[[ Supplied entries open ]]
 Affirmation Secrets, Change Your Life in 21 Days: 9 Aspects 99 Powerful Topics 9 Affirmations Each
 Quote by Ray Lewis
[[ Supplied entries closed ]]
[[ Supplied entries open ]]
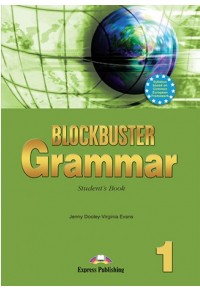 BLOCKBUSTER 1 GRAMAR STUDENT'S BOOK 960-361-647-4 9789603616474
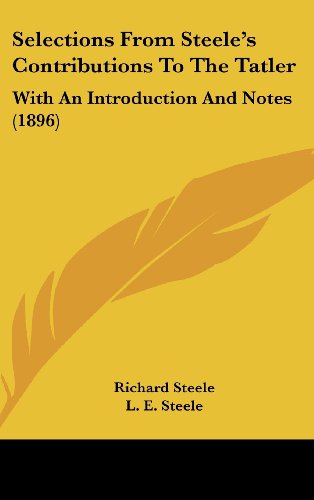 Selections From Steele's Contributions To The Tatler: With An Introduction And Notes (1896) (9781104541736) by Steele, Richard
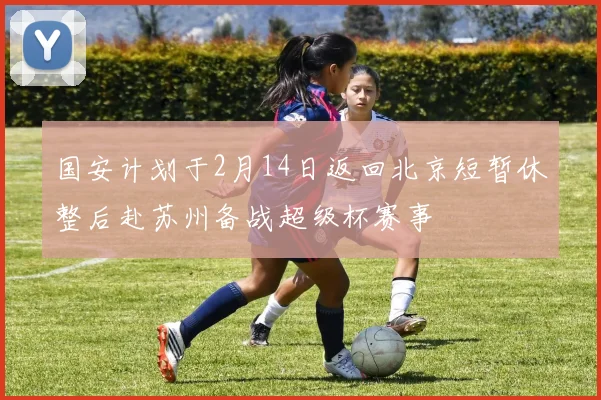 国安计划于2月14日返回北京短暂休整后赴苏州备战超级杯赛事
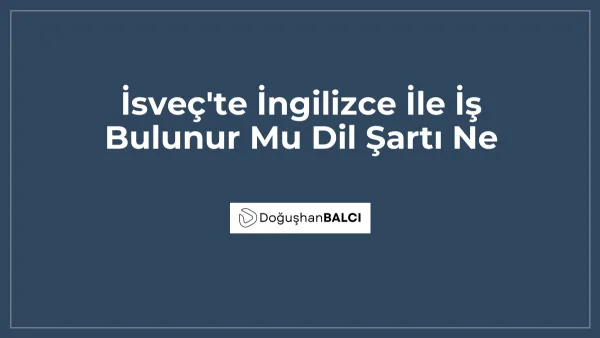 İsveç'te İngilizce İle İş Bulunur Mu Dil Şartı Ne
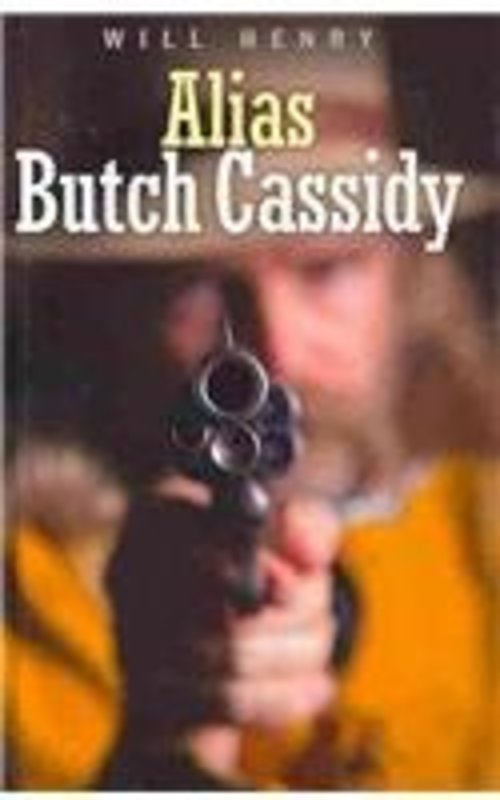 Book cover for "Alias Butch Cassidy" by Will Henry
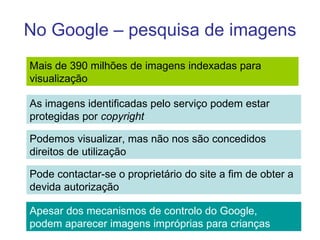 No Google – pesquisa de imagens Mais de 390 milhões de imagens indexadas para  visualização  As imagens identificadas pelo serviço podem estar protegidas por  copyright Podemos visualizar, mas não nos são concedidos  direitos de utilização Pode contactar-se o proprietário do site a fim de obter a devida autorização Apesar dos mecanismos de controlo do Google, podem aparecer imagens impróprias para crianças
[[ Supplied entries closed ]]
[[ Supplied entries open ]]
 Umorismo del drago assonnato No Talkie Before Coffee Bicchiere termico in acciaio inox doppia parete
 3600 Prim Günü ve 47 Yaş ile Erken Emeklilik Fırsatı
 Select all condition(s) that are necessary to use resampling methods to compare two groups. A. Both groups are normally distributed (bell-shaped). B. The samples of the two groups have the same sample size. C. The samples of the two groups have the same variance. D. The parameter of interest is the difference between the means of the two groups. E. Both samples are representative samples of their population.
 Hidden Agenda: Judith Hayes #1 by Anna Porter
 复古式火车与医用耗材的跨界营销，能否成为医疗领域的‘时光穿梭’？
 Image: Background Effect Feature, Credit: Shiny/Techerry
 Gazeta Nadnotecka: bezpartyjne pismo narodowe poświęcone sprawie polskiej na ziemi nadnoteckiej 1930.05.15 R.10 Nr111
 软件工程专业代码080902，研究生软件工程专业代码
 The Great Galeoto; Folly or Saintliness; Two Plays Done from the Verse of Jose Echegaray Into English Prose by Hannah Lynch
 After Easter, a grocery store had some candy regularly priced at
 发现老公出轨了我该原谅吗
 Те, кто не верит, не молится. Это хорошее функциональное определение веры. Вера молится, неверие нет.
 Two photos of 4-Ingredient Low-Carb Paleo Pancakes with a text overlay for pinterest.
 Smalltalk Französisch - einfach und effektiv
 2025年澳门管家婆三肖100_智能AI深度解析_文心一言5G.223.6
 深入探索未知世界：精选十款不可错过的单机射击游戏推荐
[[ Supplied entries closed ]]
Problem to work on>
Send back an exact copy of only the lines from the line with "Affirmation Secrets, Change" up to and including the line with "Quote by Ray Lewis" in the data above.

Exercise answer>
 Affirmation Secrets, Change Your Life in 21 Days: 9 Aspects 99 Powerful Topics 9 Affirmations Each
 Quote by Ray Lewis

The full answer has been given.